* **Exercise instructions**: Leaving the images aside, transcribe all the data below exactly.

* **Data below**:
--------------------------------------------------
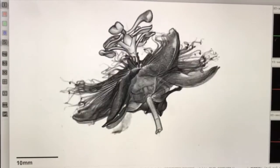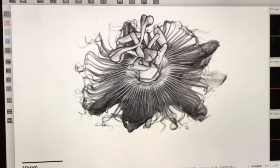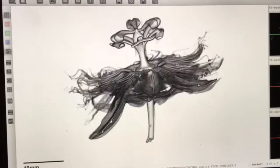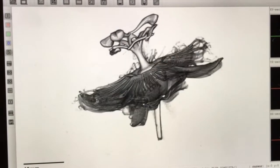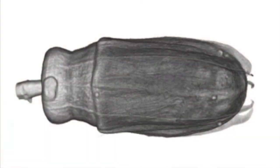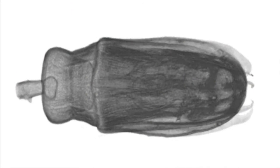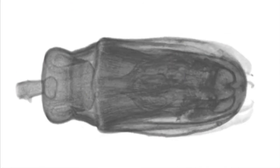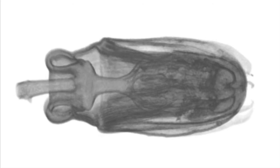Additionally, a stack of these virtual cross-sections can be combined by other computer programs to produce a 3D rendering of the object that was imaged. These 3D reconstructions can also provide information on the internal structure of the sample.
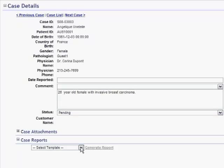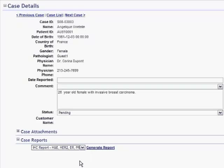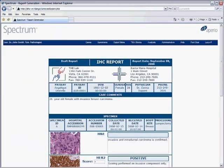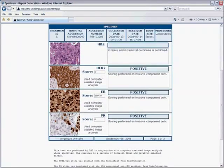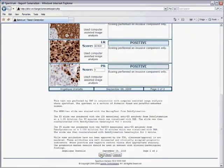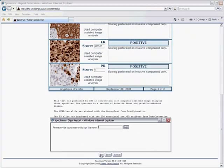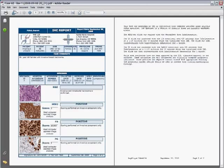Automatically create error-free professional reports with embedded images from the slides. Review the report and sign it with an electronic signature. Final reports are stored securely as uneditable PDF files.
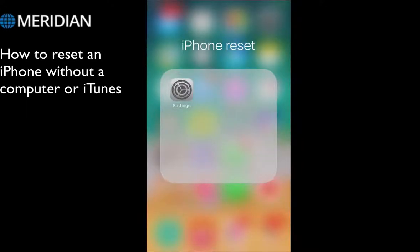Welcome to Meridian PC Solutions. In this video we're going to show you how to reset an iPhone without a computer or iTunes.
--------------------------------------------------
* **Response**:
Additionally, a stack of these virtual cross-sections can be combined by other computer programs to produce a 3D rendering of the object that was imaged. These 3D reconstructions can also provide information on the internal structure of the sample.
Automatically create error-free professional reports with embedded images from the slides. Review the report and sign it with an electronic signature. Final reports are stored securely as uneditable PDF files.
Welcome to Meridian PC Solutions. In this video we're going to show you how to reset an iPhone without a computer or iTunes.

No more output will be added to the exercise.